Raniga Parnesh, Bourgeat Pierrick, Fripp Jurgen, Acosta Oscar, Villemagne Victor L, Rowe Christopher, Masters Colin L, Jones Gareth, O'Keefe Graeme, Salvado Olivier, Ourselin Sébastien
CSIRO Preventative Health National Research Flagshift ICTC, The Australian e-Health Research Centre-BioMedIA, Royal Brisbane and Women's Hospital, Herston, QLD, Australia.
Acad Radiol. 2008 Nov;15(11):1376-89. doi: 10.1016/j.acra.2008.07.006.
Radiotracers such as (11)C-PiB have enabled the in vivo imaging of amyloid-beta plaques in the brain, one of the histopathologic hallmarks of Alzheimer's disease (AD). Standardized uptake value ratio (SUVR) has become the most common normalization for (11)C-PiB as it does not require dynamic scans or blood sampling. Normalization is performed by computing the ratio of (11)C-PiB retention in the whole brain to that in cerebellar gray matter. However, SUVR is still conducted manually and is time consuming. An automated normalization algorithm is proposed.
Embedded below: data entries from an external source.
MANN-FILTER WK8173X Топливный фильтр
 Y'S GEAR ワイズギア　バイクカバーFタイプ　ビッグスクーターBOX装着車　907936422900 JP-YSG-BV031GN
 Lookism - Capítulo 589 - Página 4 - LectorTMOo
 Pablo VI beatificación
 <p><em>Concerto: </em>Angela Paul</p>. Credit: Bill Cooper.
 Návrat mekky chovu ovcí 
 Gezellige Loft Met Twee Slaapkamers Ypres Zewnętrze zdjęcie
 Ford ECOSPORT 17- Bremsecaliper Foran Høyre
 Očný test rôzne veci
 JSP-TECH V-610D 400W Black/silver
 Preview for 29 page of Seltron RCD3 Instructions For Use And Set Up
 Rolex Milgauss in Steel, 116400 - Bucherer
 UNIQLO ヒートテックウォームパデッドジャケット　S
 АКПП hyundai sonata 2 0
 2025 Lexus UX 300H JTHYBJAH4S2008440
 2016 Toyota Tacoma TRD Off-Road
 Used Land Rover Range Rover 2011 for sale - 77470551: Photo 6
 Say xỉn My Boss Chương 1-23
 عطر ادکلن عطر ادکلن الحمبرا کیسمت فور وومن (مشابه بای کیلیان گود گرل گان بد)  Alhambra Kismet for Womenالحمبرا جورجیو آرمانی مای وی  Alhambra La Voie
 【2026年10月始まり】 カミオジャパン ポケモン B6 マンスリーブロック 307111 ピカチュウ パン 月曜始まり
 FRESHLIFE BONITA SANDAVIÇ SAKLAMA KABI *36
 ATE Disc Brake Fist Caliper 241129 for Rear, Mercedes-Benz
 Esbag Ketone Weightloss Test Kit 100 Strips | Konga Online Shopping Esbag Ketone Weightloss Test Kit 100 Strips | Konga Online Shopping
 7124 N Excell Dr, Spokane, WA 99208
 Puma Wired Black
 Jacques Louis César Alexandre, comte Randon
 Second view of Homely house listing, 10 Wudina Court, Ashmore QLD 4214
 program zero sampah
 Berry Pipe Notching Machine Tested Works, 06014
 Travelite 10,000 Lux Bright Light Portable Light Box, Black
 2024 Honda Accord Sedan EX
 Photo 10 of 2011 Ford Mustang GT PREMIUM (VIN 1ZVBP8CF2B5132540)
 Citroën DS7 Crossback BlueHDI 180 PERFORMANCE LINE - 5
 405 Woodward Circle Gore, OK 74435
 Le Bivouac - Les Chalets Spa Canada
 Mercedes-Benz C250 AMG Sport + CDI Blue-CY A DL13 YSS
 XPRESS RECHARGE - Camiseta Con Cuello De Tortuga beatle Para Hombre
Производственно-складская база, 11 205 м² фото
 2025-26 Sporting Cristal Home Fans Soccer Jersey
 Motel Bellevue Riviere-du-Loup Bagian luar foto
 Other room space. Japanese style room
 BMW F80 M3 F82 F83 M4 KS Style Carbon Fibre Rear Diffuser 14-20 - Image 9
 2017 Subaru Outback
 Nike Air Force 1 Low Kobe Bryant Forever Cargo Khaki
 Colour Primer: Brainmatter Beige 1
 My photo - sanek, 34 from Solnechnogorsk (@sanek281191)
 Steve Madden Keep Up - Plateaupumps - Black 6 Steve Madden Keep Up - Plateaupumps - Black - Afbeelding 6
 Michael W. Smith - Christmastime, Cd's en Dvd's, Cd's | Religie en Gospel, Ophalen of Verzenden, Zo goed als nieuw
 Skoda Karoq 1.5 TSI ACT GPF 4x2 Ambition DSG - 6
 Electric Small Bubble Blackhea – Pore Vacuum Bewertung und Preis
Sixty participants from the Australian Imaging Biomarkers and Lifestyle (AIBL) study were used to test the developed algorithm and compare it against manual SUVR. The cohort consisted of participants likely to have AD (n = 20), those with mild cognitive impairment (MCI; n = 20), and normal controls (NC; n = 20). The participants underwent (11)C-PiB PET scans. A subset (n = 15) also underwent magnetic resonance imaging scans. (11)C-PET scans were segmented using an expectation maximization approach with inhomogeneity correction using three-dimensional cubic B-Splines. A cerebellar region was propagated and constrained by segmentation. Comparisons were made between manual and automated SUVR using regional analysis. Receiver-operating characteristic curves were computed for the task of AD-NC classification. Positron emission tomographic segmentations were also compared to co-registered magnetic resonance images of the same patient.
Significant differences in regional means were observed between manual and automated SUVR. However, these changes were highly correlated (r > 0.8 for most regions). Significant differences (P < .05) in regional variances were also observed for the AD and NC subgroups. Area under the curve was 0.84 and 0.89 for manual and automated SUVR, respectively.
The automated normalization technique results in less within-group variance and better discrimination between AD and NC participants.
诸如(11)C - PiB之类的放射性示踪剂已能够对大脑中的β淀粉样蛋白斑块进行活体成像,这是阿尔茨海默病(AD)的组织病理学特征之一。标准化摄取值比率(SUVR)已成为(11)C - PiB最常用的归一化方法,因为它不需要动态扫描或采血。归一化是通过计算全脑与小脑灰质中(11)C - PiB保留量的比率来进行的。然而,SUVR仍需手动操作且耗时。本文提出了一种自动归一化算法。
来自澳大利亚影像生物标志物与生活方式(AIBL)研究的60名参与者用于测试所开发的算法,并将其与手动SUVR进行比较。该队列包括可能患有AD的参与者(n = 20)、轻度认知障碍(MCI;n = 20)者以及正常对照(NC;n = 20)。参与者接受了(11)C - PiB正电子发射断层扫描(PET)。其中一个子集(n = 1十五)还接受了磁共振成像扫描。(11)C - PET扫描使用期望最大化方法进行分割,并使用三维立方B样条进行不均匀性校正。通过分割传播并约束一个小脑区域。使用区域分析对手动和自动SUVR进行比较。计算用于AD - NC分类任务的受试者操作特征曲线。还将正电子发射断层扫描分割结果与同一患者的共配准磁共振图像进行比较。
手动和自动SUVR之间在区域均值上观察到显著差异。然而,这些变化高度相关(大多数区域r > 0.8)。在AD和NC亚组的区域方差中也观察到显著差异(P < 0.05)。手动和自动SUVR的曲线下面积分别为0.84和0.89。
自动归一化技术导致组内方差更小,并且在AD和NC参与者之间具有更好的区分度。